PAULINE A LA PLAGE (1983)
Les années 80 seront marquées par un nouveau cycle « Comédies et proverbes ». Après La Femme de l’aviateur et Le Beau Mariage, voici venue Pauline à la plage. Ce film solaire prend pour appui une saillie de Chrétien de Troyes : « Qui trop parole, il se mesfait. » Un choix ironique pour Rohmer passé maître dans l’art du bavardage. Ce film se déroule le temps d’un été dans une petite station balnéaire où des hommes et des femmes se regardent, se séduisent, se désirent, se fâchent… Le tout observé par la jeune Pauline (Amanda Langlet) impliquée malgré elle dans ce tourbillon des sentiments. Rohmer retrouve cinq ans après l’épopée Perceval le Gallois, sa muse qu’il a largement contribué à révéler : Arielle Dombasle. Le film obtient l’Ours d’Argent à Berlin.
LES NUITS DE LA PLEINE LUNE (1984)
Dans la foulée de Pauline à la plage, voici Les Nuits de la pleine lune. Dans le cadre à priori froid d’une ville nouvelle (Lognes en Seine-et-Marne) Eric Rohmer passionné par « l’organisation de l’espace » au cinéma, va explorer avec sa caméra les évolutions de l’architecture de l’habitat. Ici Louise (Pascale Ogier) entend partager son temps entre le centre de Paris où elle peut sortir à loisir et l’appartement qu’elle partage avec son fiancé en banlieue.
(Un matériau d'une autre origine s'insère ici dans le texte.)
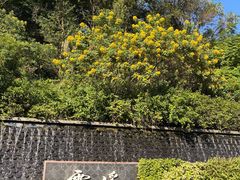 -云溪植物园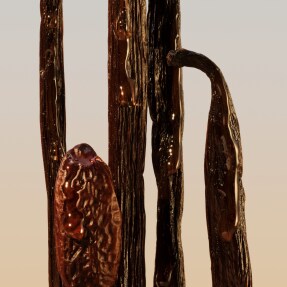 CHLOÉ LE PARFUM FOR WOMEN REFILL | 150ml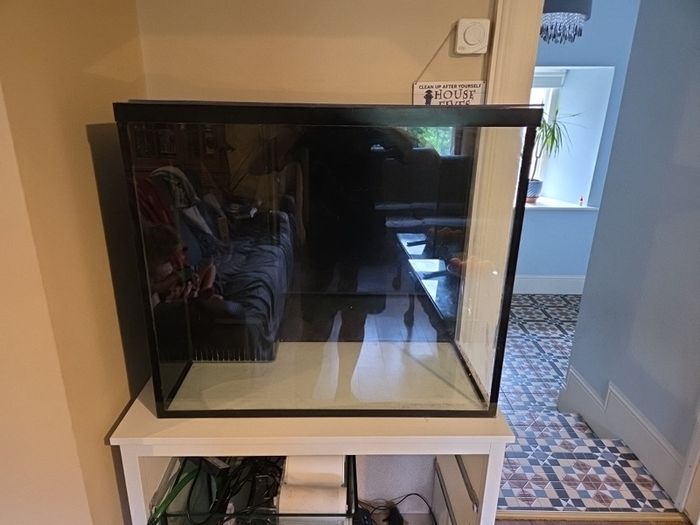 marine fish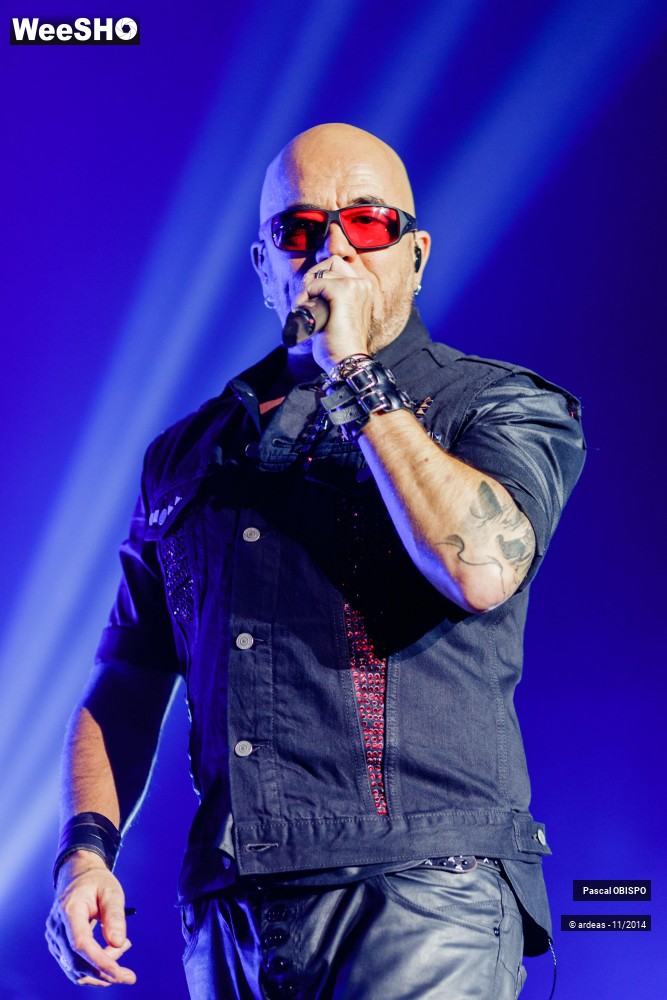 42/49 photos du spectacle Pascal Obispo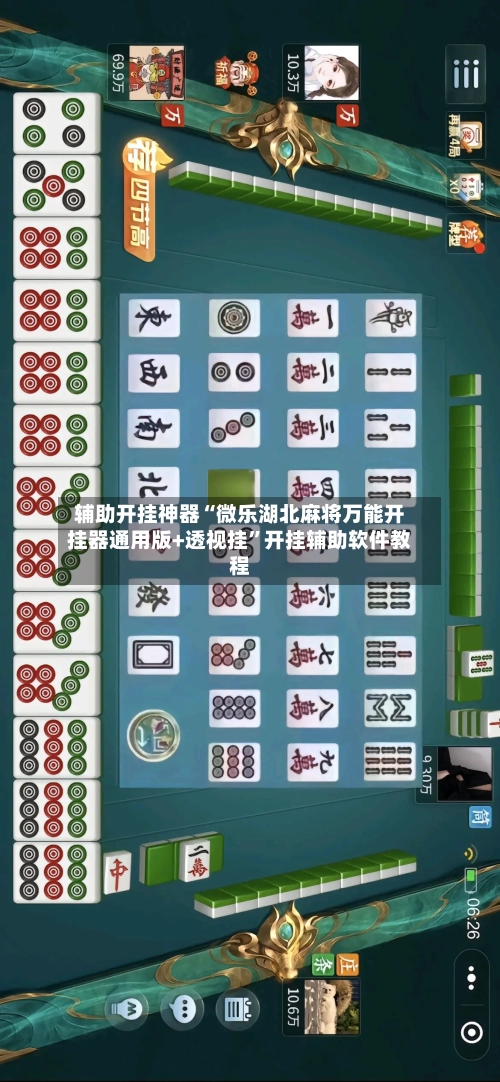 辅助开挂神器“微乐湖北麻将万能开挂器通用版+透视挂	”开挂辅助软件教程-第2张图片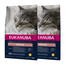 Eukanuba Cat Top Condition 7+ Rich in Chicken 2x10 kg - sucha karma dla kota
Une décision dont elle ne mesure pas toutes les conséquences. Au centre de ce film, sorte de manifeste de la jeunesse française de l’époque, la présence de Pascale Ogier qui a également contribué à la décoration, aux costumes et au choix de la musique (Elli & Jacno) donne un supplément d’âme à l’ensemble. L’actrice couronnée à la Mostra de Venise décédera quelques semaines seulement après la sortie du film, à l’âge de 25 ans. Au générique également Fabrice Luchini, grand habitué du cinéaste.
CONTE D’ETE (1996)
L’autre grand cycle rohmérien est celui des « Contes des quatre saisons », qui rythmera les années 90. Après le printemps et l’hiver, l’été, la saison des amours, sied parfaitement à la plume et à la caméra d’Eric Rohmer qui retrouve pour l’occasion Amanda Langlet découverte dans Pauline à la plage, 13 ans plus tôt. Ou comment le jeune Gaspard (Melvil Poupaud) en vacances à Dinard, va se retrouver au centre de ses propres indécisions amoureuses. Là encore, Eric Rohmer, 75 ans au moment du tournage, prouve qu’il reste le meilleur porte-voix de la jeunesse dont il parvient à saisir toute la profondeur d’esprit caché sous l’apparente légèreté des gestes et des petits drames de l’existence.
LES AMOURS D’ASTREE ET CELADON (2007)
Si le nom d’Eric Rohmer est largement associé au contemporain, le cinéaste fin lettré (il ambitionnait au départ de devenir écrivain) a transposé à l’écran des textes anciens. Ce sera d’abord La Marquise d’O d’après von Kleist en 1976 puis Perceval le Gallois de Chrétien de Troyes en 78. Deux films qui assument leur ancrage classique voire volontairement théâtral avec le second. En 2001, L’Anglaise et le Duc s’inspire des mémoires d’une aristocrate britannique durant La Révolution Française. Il immerge pour l’occasion ses protagonistes dans de véritables tableaux vivants. La carrière du cinéaste s’achève avec ces Amours d’Astrée et Céladon d’après Honoré d’Urfé, un récit du XVIIe siècle qui se déroule dans la France du Vème siècle. Ce récit interroge la pureté de l’amour entre un jeune bourgeois et une bergère. Eric Rohmer décède trois ans après la sortie de cet ultime film, à l’âge de 89 ans.